In the listing below, find the line with "Tantuni yerken silahlı saldırıda yaralandı" and the line with "Samsung TV Fiyat", then return them and every line between them exactly, minus the pictures.

ENTRIES SUPPLIED:
□ □ □
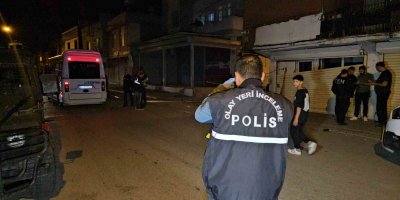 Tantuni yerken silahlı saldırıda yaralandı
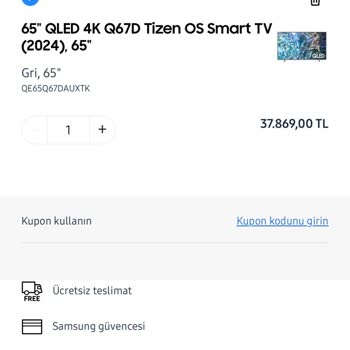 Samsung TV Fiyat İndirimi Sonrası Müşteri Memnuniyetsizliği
□ □ □
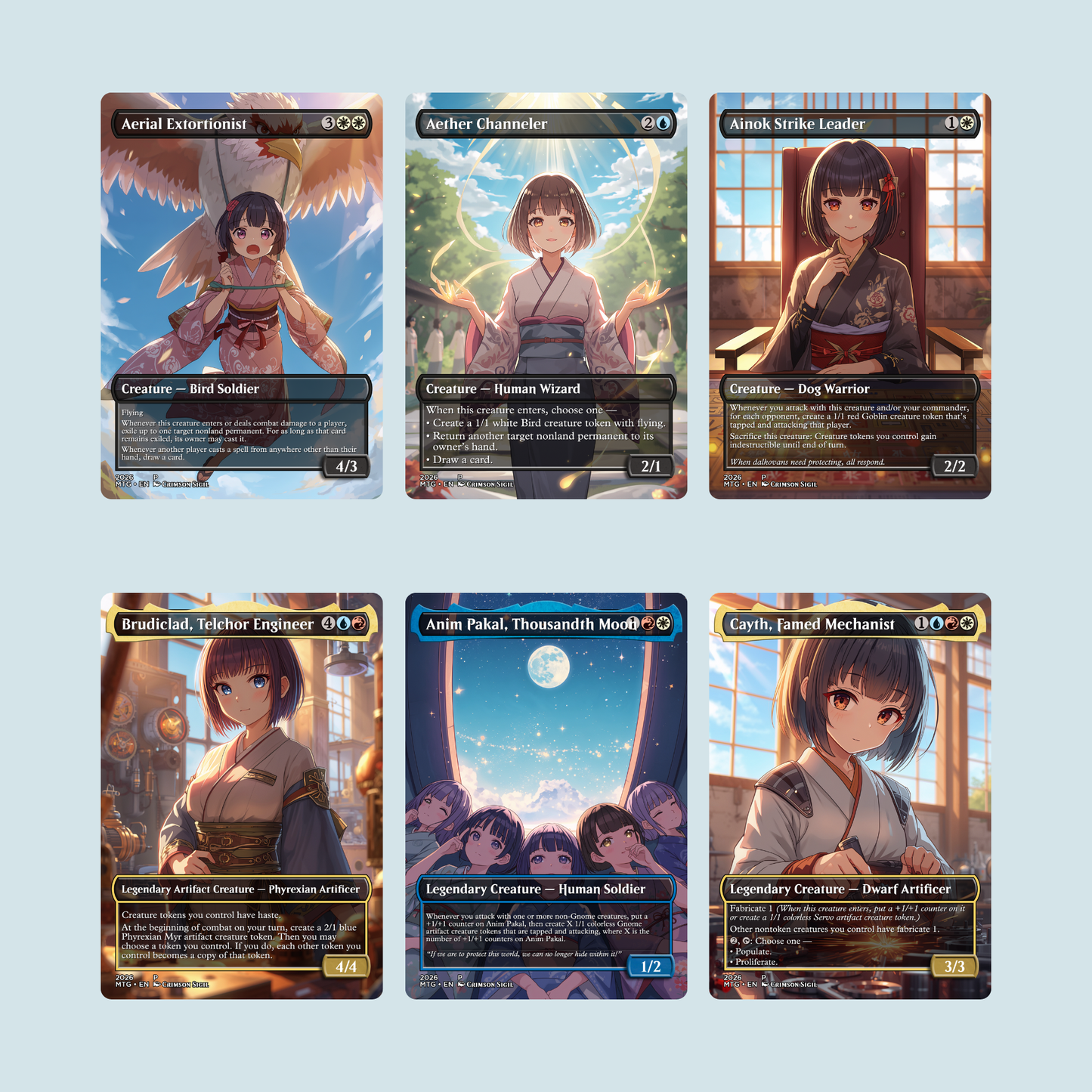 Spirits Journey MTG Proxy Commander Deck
□ □ □
ANSWER SPACE:
 Tantuni yerken silahlı saldırıda yaralandı
 Samsung TV Fiyat İndirimi Sonrası Müşteri Memnuniyetsizliği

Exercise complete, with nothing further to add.